Meski dapat tidak selesai pada pukul 24.00 hari pemungutan suara, namun Arief mengatakan tak perlu ada jeda selama proses penghitungan. Jika terdapat jeda, potensi kecurangan dapat terjadi sebab TPS tidak didesain sebagai tempat penyimpanan dokumen.
“Kalau dikasih jeda, justru akan jauh beresiko. Misal malam istirahat dilanjut besok pagi. TPS tidak didesian sebagai tempat untuk menyimpan dokumen. TPS didirikan, dokumen datang, dilakukan pemungutan suara, lalu dokumen dibawa ke tempat penyimpanan,” kata Arief.

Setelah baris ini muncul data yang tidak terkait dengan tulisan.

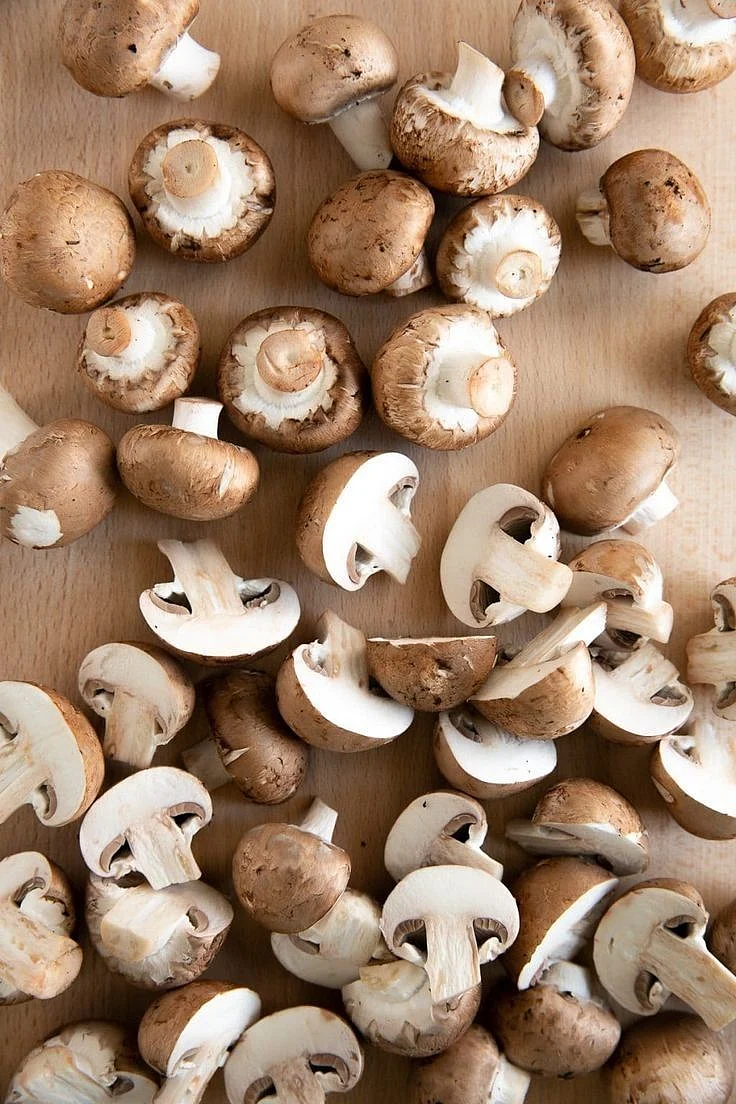 Mushrooms. 5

Terkait pasal ini, Ketua Bawaslu RI, Abhan berpendapat, bahwa maksud penghitungan suara mesti selesai pada hari yang sama adalah bahwa penghitungan suara selesai dicatat pada form C1 plano di hari yang sama dengan pemungutan suara. Oleh karena itu, Abhan meminta KPU membuat metode agar penghitungan suara selesai pada hari yang sama dengan pemungutan suara agar tidak terjadi pelanggaran administrasi pemilu.
“Ketentuan ini mengandung potensi kendala teknis batas waktu yang bisa berijung pada pelanggaran administrasi pemilu, dan membuka ruang tafsir apakah kalau penghitungan suara belum selesai pukul 24.00, bisa tetap dilanjutkan. Oleh karena itu, KPU harus membuat metode penghitungan suara agar selesai pada hari yang sama dengan pemungutan suara,” tandas Abhan.

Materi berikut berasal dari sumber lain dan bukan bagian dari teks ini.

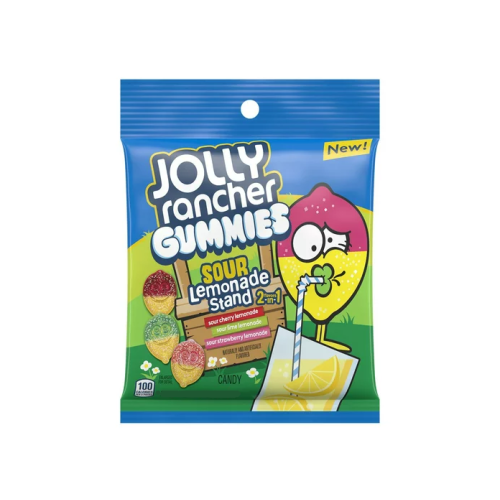 Jolly Rancher Gummies Sour Lemonade bags (184g) nmo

Adapun mengenai pencatatan hasil di form salinan C1, Abhan menilai memang tak akan mungkin selesai dilakukan dalam batas waktu pukul 24.00. Oleh karena itu, MK semestinya menafsirkan Pasal 390 yang menyatakan bahwa salanan Form C1 mesti diberikan kepada pengawas pemilu dan saksi peserta pemilu pada hari yang sama dengan pemungutan suara. Namun sayangnya, pasal ini tak ikut digugat.

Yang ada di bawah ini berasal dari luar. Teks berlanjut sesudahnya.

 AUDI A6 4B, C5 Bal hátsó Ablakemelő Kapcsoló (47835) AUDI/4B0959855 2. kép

“Persoalannya kan saat C1 plano ini disalin, ini yang tidak mungkin selesai pada hari yang sama. Maka, yang 390 itulah yang harus ada penafsiran dari Yang Mulia. Masalahnya ,ini gak masuk di uji materi. Jadi, yang C1 plano itu harus selesai jam 12 malam, tapi yang salinan yang diberikan ke saksi, itu mesti ditafsirkan boleh lewat dari jam 12 malam,” jelas Abhan.
Pemohon Perkara No.20/2019 berharap MK menyapu bersih pasal-pasal yang memuat frasa hari yang sama. Putusan MK diharapkan mampu menjawab kebutuhan Pemilu 2019.
“Kami berharap MK menyapu bersih dan memberikan penafsiran yang jelas soal itu,” ucap Hadar.